In my forty years of teaching, I have taught in a variety of schools and what I appreciate most about Inly (and why I landed so happily here 18 years ago) is that it is a thoughtful, intentional blend of what is developmentally appropriate for children and what prepares children for their future—regardless of what their futures hold.
We know that we are preparing our students for life beyond Inly—for high school and college where they will still encounter traditional measures of academic success, like tests and quizzes. We also know that trends in secondary and higher education are rapidly moving toward flipped classrooms, experiential learning, and more Inly methods of demonstration of mastery, like collaborative projects and presentations. As educators in an ever-changing world, we know that we are preparing our students for jobs that don’t yet exist. That’s why we talk so much about grit—we know our students must be flexible, resilient, and know how to problem solve if they want to stand a chance in their dynamic future.
As I mentioned in a previous R&N article, Evolving the Montessori Pyramid, at Inly we combine tried and true Montessori methods with other harmonious practices—particularly at the upper elementary level and beyond. I like to call this approach Montessori “plus.”
While Inly’s curriculum is rigorous and benchmarked with the Common Core the “plus” is that we also teach next century skills including communication, creativity, ingenuity, and critical thinking. Through all of these teachings, we try to build each student’s self confidence and love of learning.

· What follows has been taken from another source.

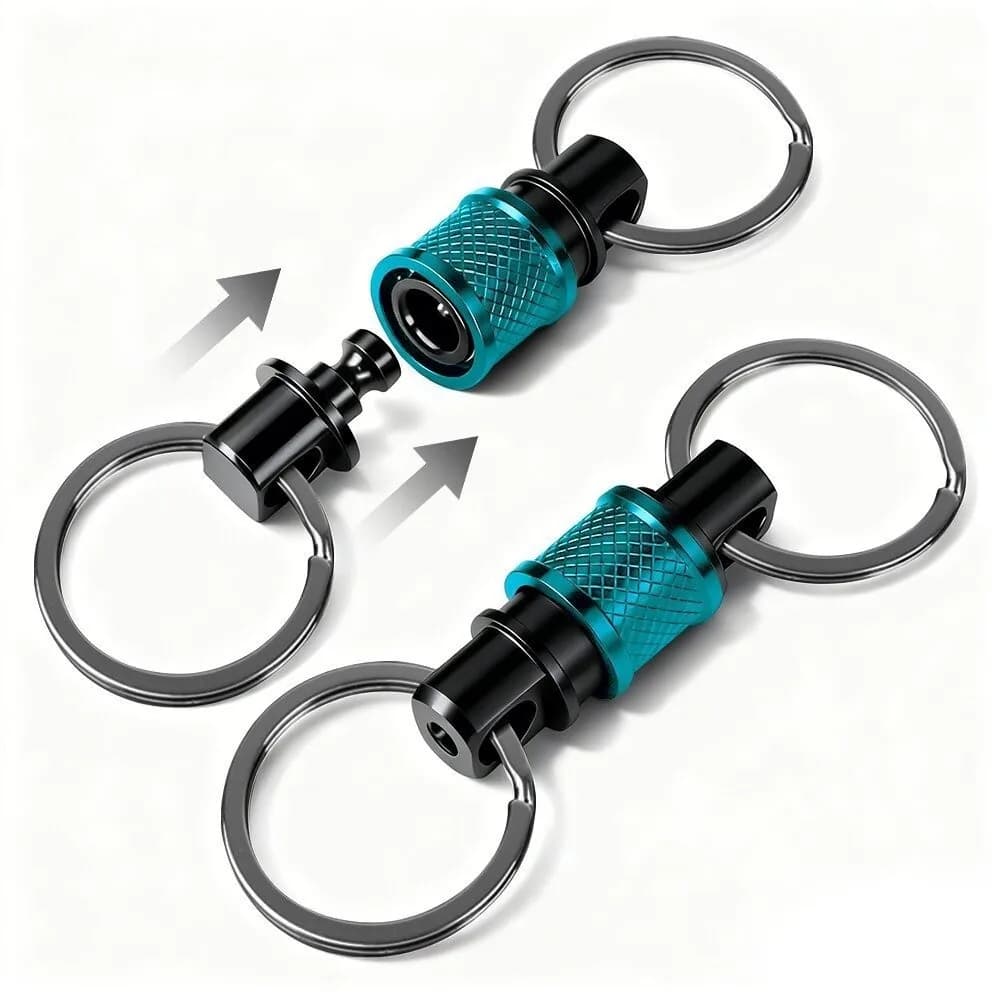 Double Headed Quick Release Keychain Aluminum Alloy Retractable Detachable Keychain Compact 360° Rotation Clip Pull Apart Buckle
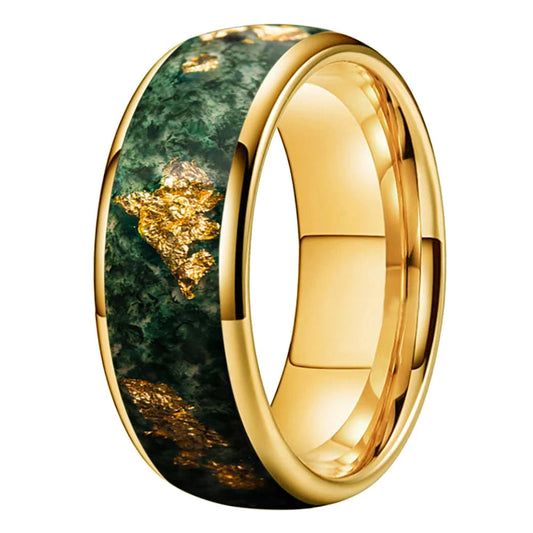 Moss Agate & Gold Foil Inlay Tungsten Wedding Ring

Fostering Lifelong Responsibility
Another “plus” at Inly plays out in how we teach our students responsibility. Our students are expected to be on time, manage their schedules, finish homework assignments, take tests and quizzes, and complete research projects. They routinely set goals, keep and refine work plans, and critically reflect on their own progress. Throughout all of these experiences, children ultimately learn how they best learn, and how to be responsible for their own learning, which is incredibly empowering and something we know they take with them in life.
Entering the Real World
Each step of the Inly journey builds upon itself, and each level brings exponential growth in our students. In our lower levels, students are mastering foundational academic skills, while they are encouraged to wonder and see themselves as part of a family, classroom, and school community. In Upper Elementary, our students expand and apply their academic skills in more challenging projects and explorations, which culminates in a sixth year intensive capstone project, and they begin to engage with their broader South Shore community through their weekly Service Learning curriculum. Once Inly students begin Middle School, the “plus” expands to include additional learning experiences that they are, by this time in their academic career, developmentally ready for. In Middle School, we give our students opportunities to go out into the real world through the Internship Program and our Montessori Model United Nations program. As a capstone experience for our 8th grade students this year, they will also participate in a two week immersion program through NuVu Studio, where they will solve real world problems using applied technology and design. Since Middle School aged children are fascinated with their roles in the larger society, all of these programs are important parts of their exploration of the world. Each of these programs offer authentic work experiences that lead our students to a greater sense of self and respect for others.
Life Beyond Inly
The most common observation I hear parents make of their children after they have graduated from Inly is that are passionate learners. They love the process of learning and take on new learning experiences with an enthusiasm that is unique from their peers. While those who graduate from Inly walk away with the more tangible academic measurements of success, this love of learning is actually the aspect of a student’s experience that is perhaps the most valuable. This sort of passion can be applied to any field of study and any career. It is invaluable. As Maria Montessori once said, “we discovered that education is not something which the teacher does, but that it is a natural process which develops spontaneously in the human being.” Our gift to our students as educators is not how many facts we have crammed into our student’s brains but rather how much passion for learning we were able to help them cultivate within themselves.
“Education is what remains after one has forgotten what one has learned in school.”
– Albert Einstein
“Tell me and I forget. Teach me and I remember. Involve me and I learn.”
– Benjamin Franklin
“There is no end to education. It is not that you read a book, pass an examination, and finish with education. The whole of life, from the moment you are born to the moment you die, is a process of learning.”